Donovan state prison inmate Sirhan Sirhan loses round in federal court



Kennedy assassin to remain in San Diego

By Matt Potter, Jan. 8, 2015

One of San Diego's most notorious inmates will remain behind the walls of the state's Donovan Correctional Facility here following a federal judge's ruling that evidence of a possible conspiracy does not absolve Sirhan Bishara Sirhan of guilt in the June 1968 slaying of Robert F. Kennedy.
The convicted assassin "has failed to meet his burden of establishing actual innocence," wrote judge Beverly Reid O'Connell in her January 5 order denying a bid by Sirhan for a writ of habeas corpus.
“Likewise, Petitioner has failed to demonstrate that he falls within the narrow exception warranting an evidentiary hearing at this stage."
The latest in a long string of legal efforts by Sirhan, now 70, was filed in May 2000. Despite multiple rejections by federal courts, his attorneys have continued to appeal the case, asserting in part that others were behind the killing of the Democratic presidential candidate.
"Though Petitioner advances a number of theories regarding the events of June 5, 1968," O'Connell's ruling says, "Petitioner does not dispute that he fired eight rounds of gunfire in the kitchen pantry of the Ambassador Hotel.
"After reviewing the evidence, the Court agrees with the findings of Magistrate Judge Wistrich.

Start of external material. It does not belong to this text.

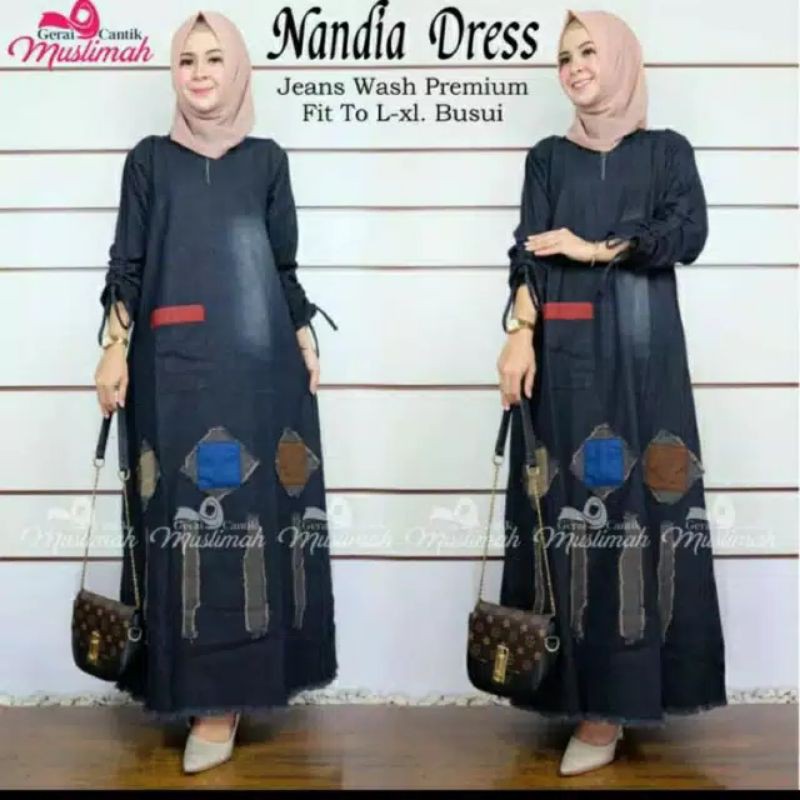 NADIA GAMIS UKURAN JUMBO DRESS JEANS WANITA MODEL GAMBAR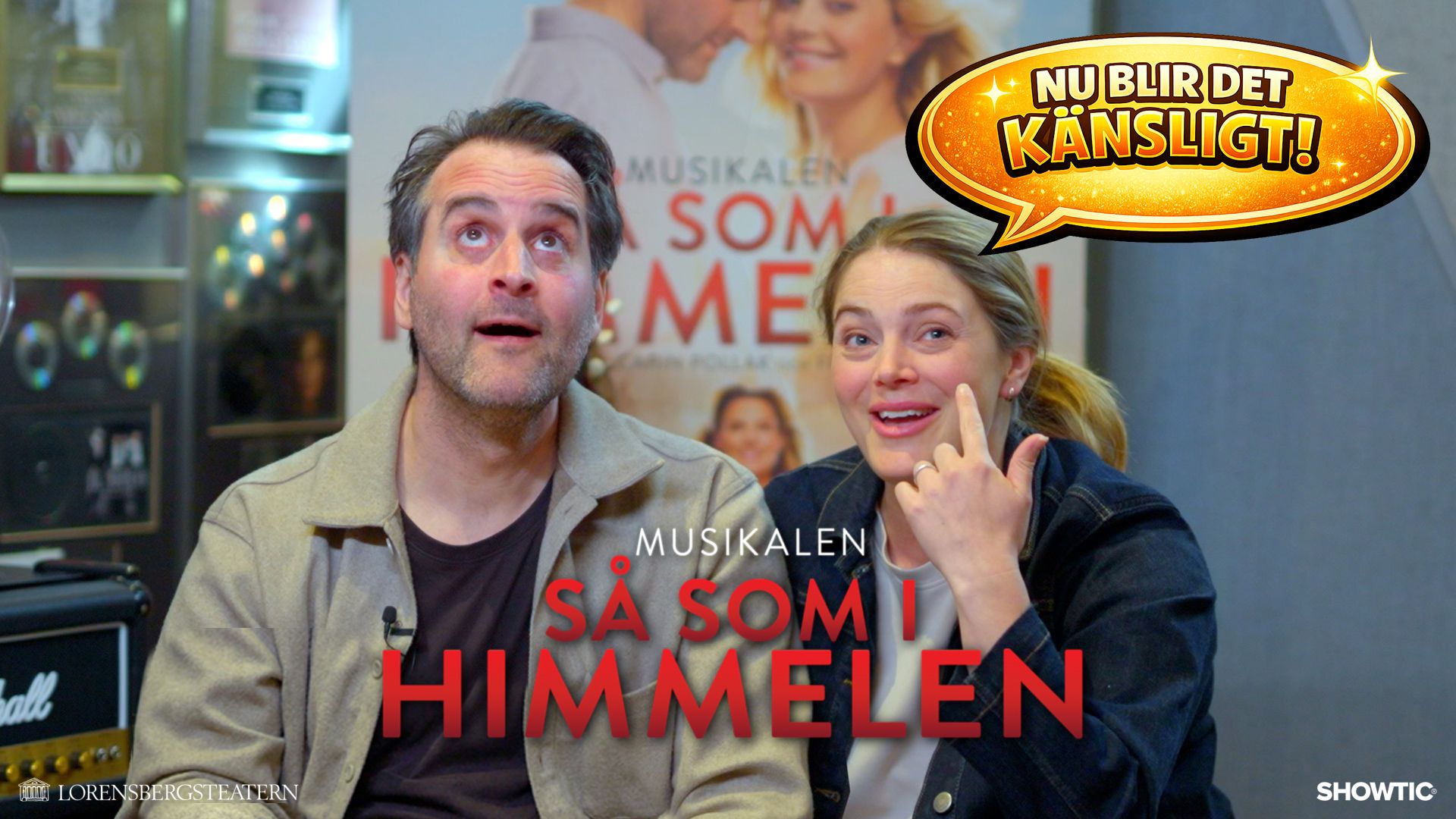Thumbnail för ett intervju klipp med Philip Jalmelid och Tuva B Larsen för musikalen så som i himmelen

Petitioner does not show that it is more likely than not that no juror, acting reasonably, would have found him guilty beyond a reasonable doubt."
Much of Sirhan's latest bid for freedom has been based on testimony of eyewitness Nina Rhodes-Hughes, which was not presented at Sirhan's 1969 trial.
"What has to come out is that there was another shooter to my right," Rhodes-Hughes, a television actress, told CNN in April 2012. "The truth has got to be told. No more cover-ups."
O'Connell's ruling dismisses that argument. "Ms. Rhodes-Hughes disputes the location and number of gunfire shots; yet, importantly, she does not assert that Petitioner is innocent.
"First, Ms. Rhodes-Hughes’s recollection was recorded decades after the events took place, which calls into question its reliability. Second, her declaration confirms that Petitioner was a shooter that evening," the judge wrote.
"Ms. Rhodes-Hughes states that she was in the kitchen, she saw Petitioner fire his gun, and she witnessed men attempt to subdue him. Ms. Rhodes-Hughes does not state that she saw a second shooter.
“She suggests that there was more than one shooter because she counted twelve to fourteen shots rather than eight, and she testifies that gunfire originated in both the left and right sides of the room….
"Ms. Rhodes-Hughes describes how she fainted, was trampled by individuals in the kitchen, awoke with a wet dress, and had one shoe knocked off her foot.
“A jury reasonably may have concluded that witnesses could not be expected to pinpoint the exact location of those two parties in the midst of such chaos."
Questions regarding a second shooter and how many shots were fired have long dogged the case, but O'Connell's ruling rejected evidence presented by skeptics, including an audio tape of the assassination that one expert witness has maintained proves there were two shooters.
"At most, Petitioner creates a sense of doubt about the number of gunshots fired in the kitchen on June 5, 1968," said the judge, "but contemporaneous eyewitness statements do not support a second shooter theory."
Arguments that Sirhan was hypnotically programmed, perhaps by the Central Intelligence Agency or other anti-Kennedy government or mob actors, were also rejected.
Sirhan’s next legal steps have not been announced, but the latest ruling is unlikely to silence skeptics, who have included one-time San Diego Tribune reporter Robert Blair Kaiser and author of the book R.F.K. Must Die.
"I am more convinced than ever that Sirhan Sirhan didn’t think this up all by himself, and that he killed Kennedy in a trance," writes Kaiser in the epilogue to the 2008 edition of the book.
"Yes, that he was programmed to kill Senator Kennedy and programmed to forget he was programmed. Of course Sirhan was lying much of the time. He was programmed to lie. That was part of the cover-up.

"Of course, he was a psychotic when he killed Kennedy. His programmers induced the psychosis. But it only lasted for a time. Sirhan worked through that sickness (if you need to call it that) as he gradually came to see himself as an Arab hero, giving himself a sense of importance that he had never felt before."